Ekonom The Institute for Development of Economics and Finance (Indef), Dradjad Wibowo, berharap Presiden Joko Widodo menegur keras Kepala Kepolisian RI Jenderal Tito Karnavian dan Menteri Pertanian Amran Sulaiman dalam perkara perberasan. Politikus Partai Amanat Nasional ini mengatakan PT IBU mampu menciptakan permintaan sekaligus margin yang cukup besar sebagai imbalan bagi inovasinya.
"Kalaupun berbuat salah, PT IBU cukup diberi pembinaan.
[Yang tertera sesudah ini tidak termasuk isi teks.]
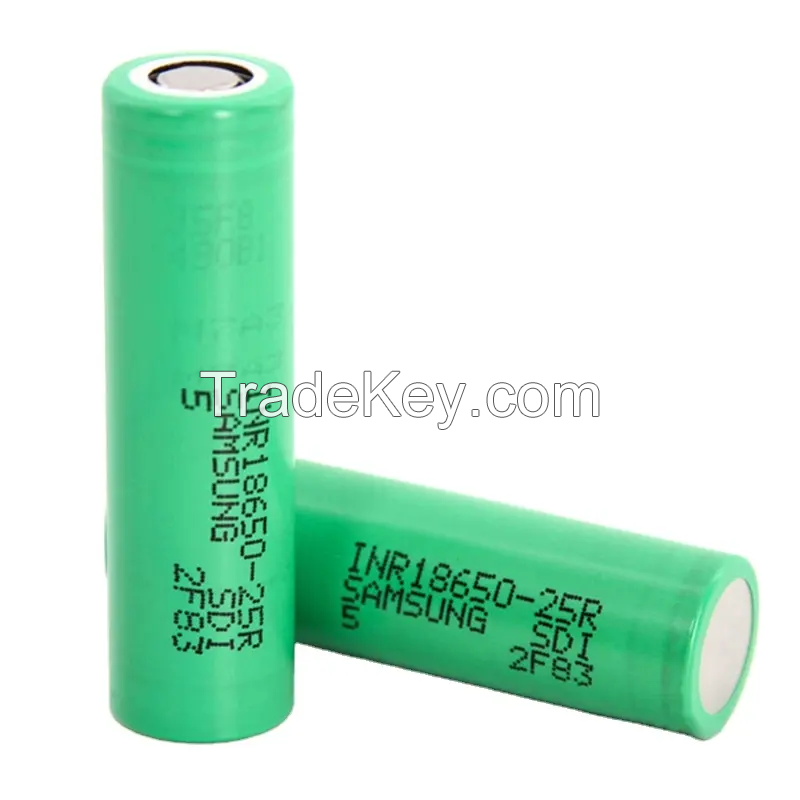 High rate lithium battery 18650 25R cell inr18650 battery 2500mah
Bukan malah dihukum dengan tuduhan-tuduhan yang membuat alumnus pertanian seperti saya bertanya-tanya, Pak Mentan dan Pak Kapolri ini paham pertanian tidak ya?” ucap mantan anggota komisi IX DPR periode 1999 -2004 ini dalam pesan tertulisnya, Rabu, 26 Juli 2017. Drajad pernah mencalonkan diri sebagai Ketua Umum PAN namun kalah dari Hatta Rajasa. Saat ini Drajat menjabat sebagai Ketua Dewan Informasi Strategis dan Kebijakan Badan Intelijen Negara (DISK).
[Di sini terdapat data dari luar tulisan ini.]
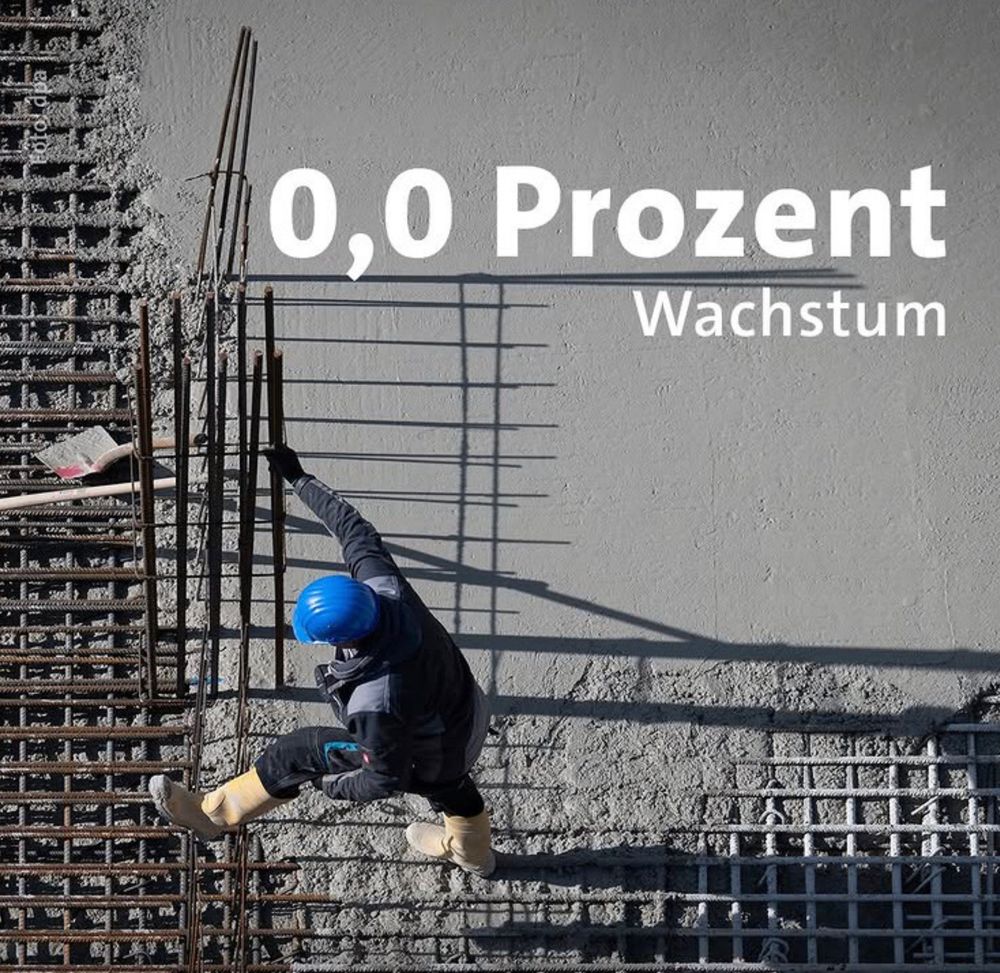 Tafel mit 0,0 % Wachstum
Maraknya pemberitaan penggerebekan gudang beras premium, membuat para pakar agronomi dan hortikultura Institut Pertanian Bogor (IPB) menggelar diskusi isu soal beras. Menurut Kepala Departemen Agronomi dan Hortikultura IPB Sugiyanta, dalam diskusi tersebut Departemen Agronomi dan Hortikultura akan memberikan rekomendasi kepada pemerintah. Para pakar bersepakat untuk memberi usulan kepada pemerintah mengevaluasi HET pangan tunggal karena tidak relevan lagi dengan perkembangan saat ini. Terutama faktor yang mempengaruhi rumusan HET, seperti biaya produksi.
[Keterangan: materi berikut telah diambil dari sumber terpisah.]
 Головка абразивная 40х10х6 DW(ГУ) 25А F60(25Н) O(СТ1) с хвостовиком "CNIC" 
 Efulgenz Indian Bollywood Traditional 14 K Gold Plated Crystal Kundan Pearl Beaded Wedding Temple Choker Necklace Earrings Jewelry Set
Baca: Kasus Beras Maknyuss, Induk Perusahaan PT IBU Jelaskan ke Publik
Rekomendasi lainnya, HPP sebagai dasar perhitungan HET juga harus dievaluasi agar menguntungkan berbagai pihak yang terlibat sebagai pelaku usaha. "Kami akan memberikan masukan ini kepada pemerintah agar kedepan tidak terjadi kesalahpahaman antara beras medium dan premium," kata Sugi.
Pakar padi dari IPB Purwono menjelaskan, istilah bahasa yang digunakan pedagang beras dan bahasa resmi terutama beras IR64 yang merupakan bahasa pasar. Dia mengatakan mencampur beras sudah menjadi kebiasaan pedagang. "Tidak ada masalah, beras dari manapun yang terpenting memenuhi SNI 6218," katanya.
Ia menuturkan bahwa oplosan yang terjadi pada beras tidak sama dengan pengoplosan yang dikenal masyarakat luas, seperti mencampur minuman, atau minyak, dan lainnya. Tapi, dalam beras istilah pengoplosan adalah peracikan. "Dalam Permendag 47 hanya diatur HET pangan tunggal, Tidak ada tentang beras medium dan premium. Harusnya untuk beras premium harganya harus lebih mahal dari harga medium," kata Purnomo.
Dalam diskusi tersebut juga dijelaskan, beras medium dan premium seperti beras maknyuss. Istilah premium diberikan kepada beras yang melalui uji SNI, sedangkan beras medium tidak melalui proses SNI yang banyak beredar di masyarakat di kelas menengah ke bawah. Beras premium produktivitasnya hanya 25 persen dari total produksi beras nasional yakni 40 juta ton per hektare.